First, they urged the state to sufficiently fund its Water Resources Control Board, which manages water deliveries to two-thirds of California residents and large swaths of the state’s farmland. Harder said the board also needed to diversify its leadership by adding a member who specializes in water quality and environmental justice.
She suggested the board fine-tune its approach on groundwater sustainability. Many rural Californians get their water from domestic wells. Those wells are disproportionately depleted, due to the overpumping of groundwater by farmers, and sometimes contaminated by runoff of fertilizer and other chemicals from those farms. The state’s Latino communities have been particularly affected.
“Many failing domestic wells are in economically disadvantaged communities,” said Harder, “and they have been subjected to explicit and implicit racism [when it comes to] the delivery of water.”
Second, the report suggests that California overhaul a series of Byzantine water laws that weren’t designed to grapple with climate change. For instance, California’s Water Board currently uses historical data on different river systems to decide how much water it should distribute to users who are not senior water rights holders. But as climate change gets worse and water volume in the rivers becomes less predictable, those data are becoming irrelevant. “One of the things we know is absolutely true is that [this] is no longer defensible given climate change,” said report coauthor Clifford Lee, a former state deputy attorney general. “There simply will be less water in the future.”

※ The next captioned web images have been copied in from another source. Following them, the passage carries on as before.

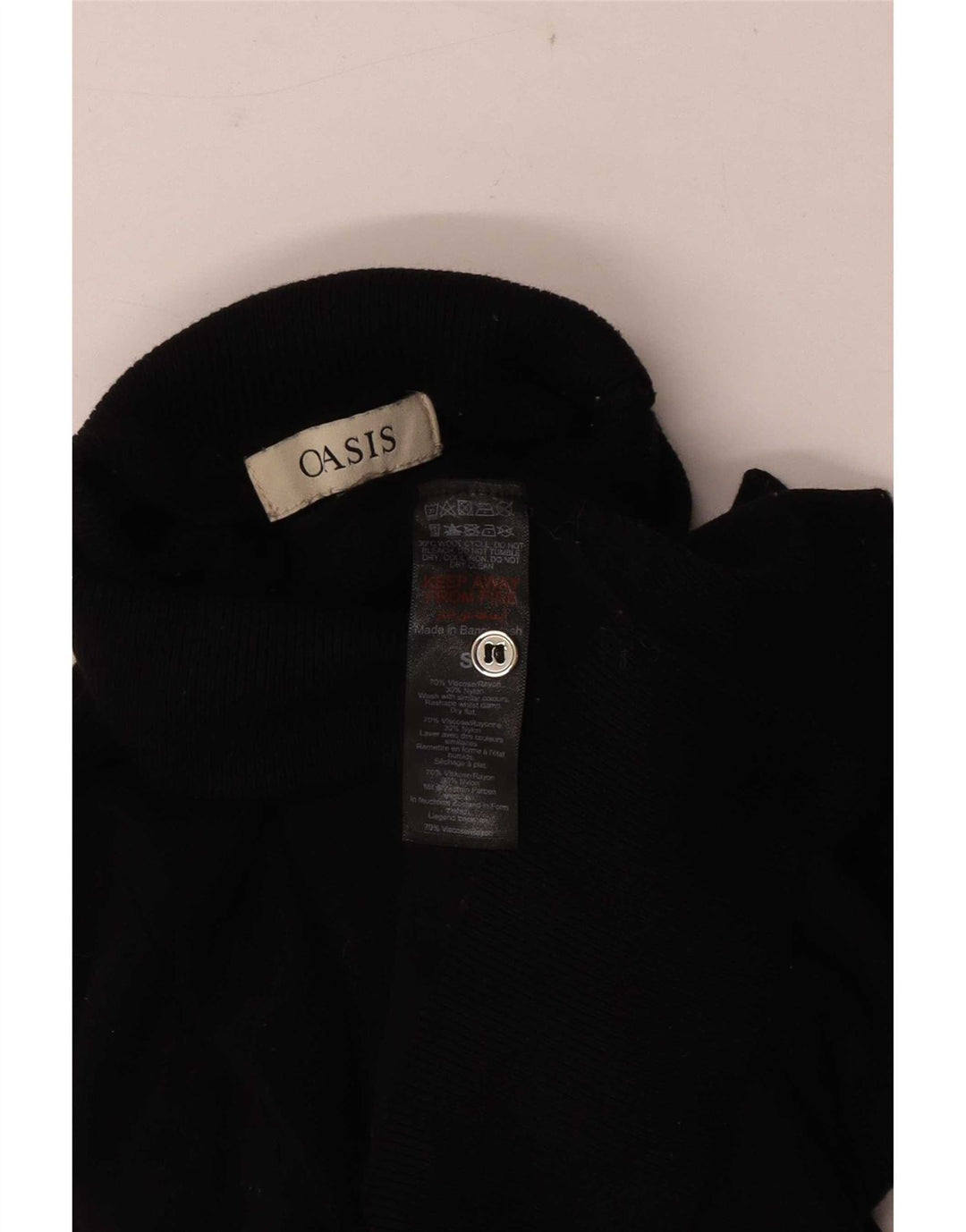 Oasis Dame Rullehals Sweater UK 10 Small Black Viscose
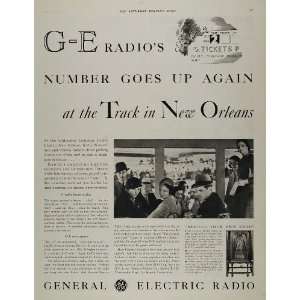 1932 Ad GE Radio Set Louisiana Jockey Club New Orleans   Original 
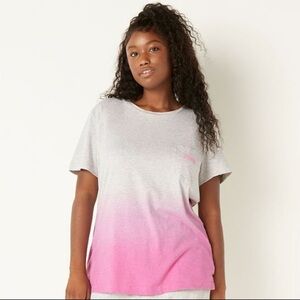 Victoria’s Secret PINK Campus Short Sleeve Tee Heather Stone Grey Dip Dye NEW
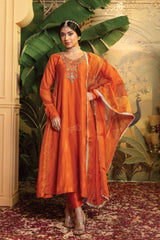 Saffron Solstice Anarkali Set – A Celebration of Heritage Glow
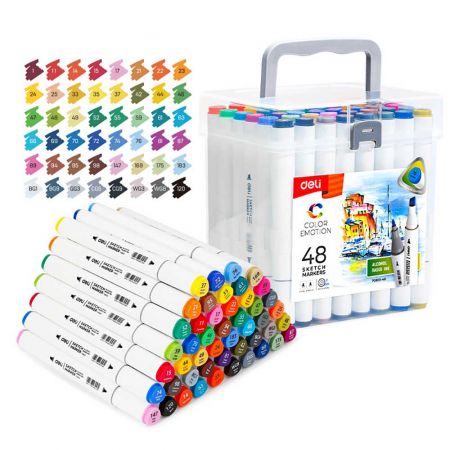 Markere 2 capete, 48 culori/set, DELI Sketch 70803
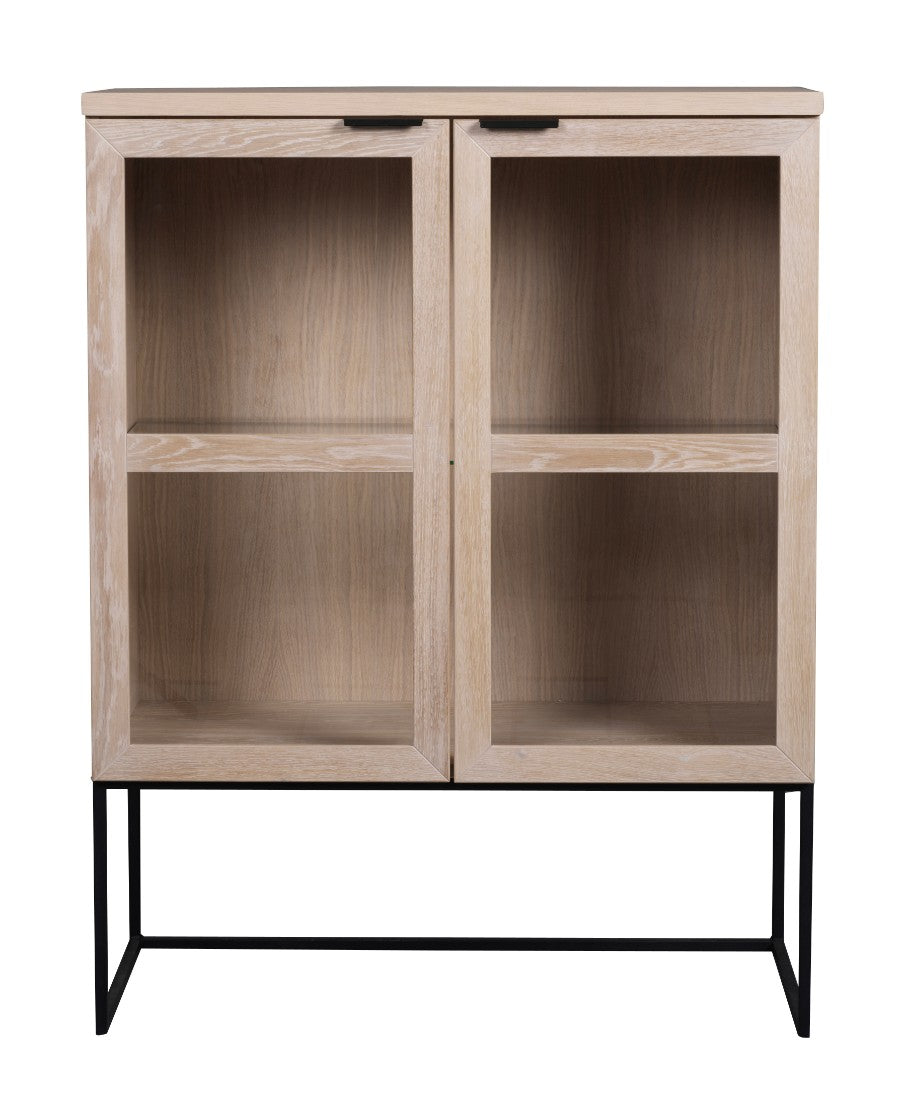 EVERETT Oak Glass Cabinet 125CM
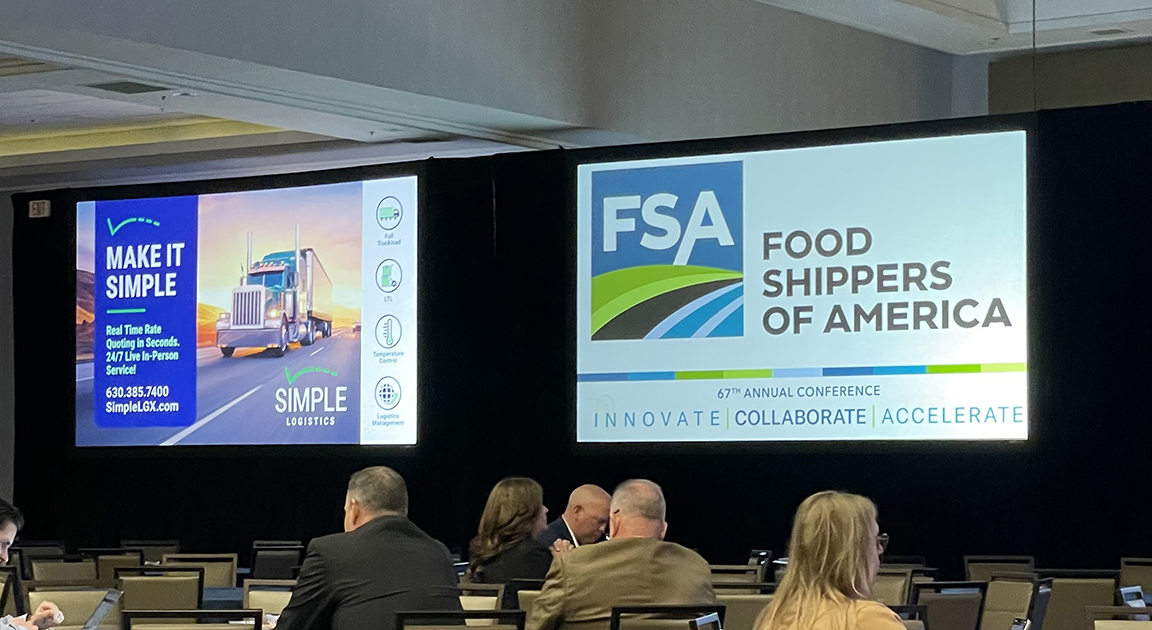 FSA Conference Slideshow with Simple Logistics AD showing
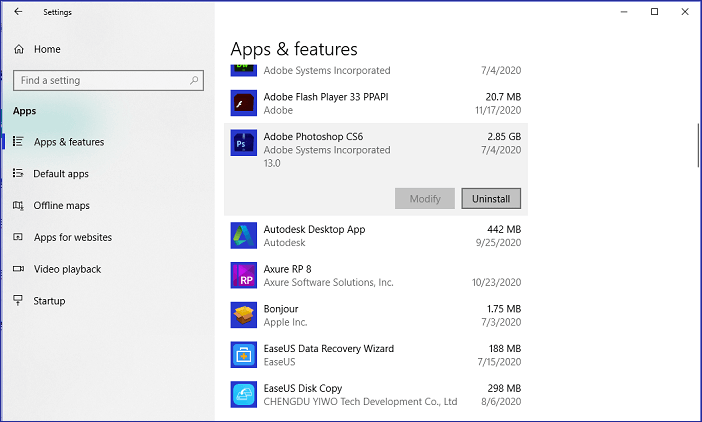 Uninstall Apps that takes huge space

Lee also urged policymakers to untangle California’s water rights system, which involves a patchwork of different classifications that he says has caused “considerable confusion.” And in a move that could affect California’s farmers, the report also suggests the state amend its water code to determine whether the claims of some senior water rights holders are legitimate. “I would like to say this recommendation brings California into the 21st century,” he said. “But it really just brings California into the 20th century.”
Finally, the report recommended that policymakers address what Harder described as the state’s “extinction crisis.” California is home to more than 125 native fish species, and at least 18 of them are “highly vulnerable to extinction,” with many others in decline. One of the reforms Harder suggested was a shift in how California’s dam owners consider the health of river ecosystems before distributing water to users. Currently, dam owners are required to release water from reservoirs to ensure that fish have deep enough water to swim in. But last year almost all of California’s Chinook salmon died in their streams when the water ran low and temperatures hovered above 100 degrees. In light of that catastrophe, Harder says, the state should consider requiring that dam owners also maintain a safe water temperature for fish before diverting water to other users.
After presenting their recommendations at the PCL webinar, Harder and Lee gave the floor to Dennis O’Connor, the chief consultant to the California Senate Committee on Natural Resources and Water. O’Connor made it clear that the proposals face tough odds in the state legislature.
“Virtually all of these recommendations will require legislative action,” he told the audience. He then proceeded to explain why that legislation would be politically onerous and difficult to pass.
He also noted that there’s no use in overhauling California’s water laws unless those reforms are properly funded. “This is really important,” O’Connor said. “If we pass a law but don’t fund its implementation or enforcement, it’s as if we never passed it in the first place.”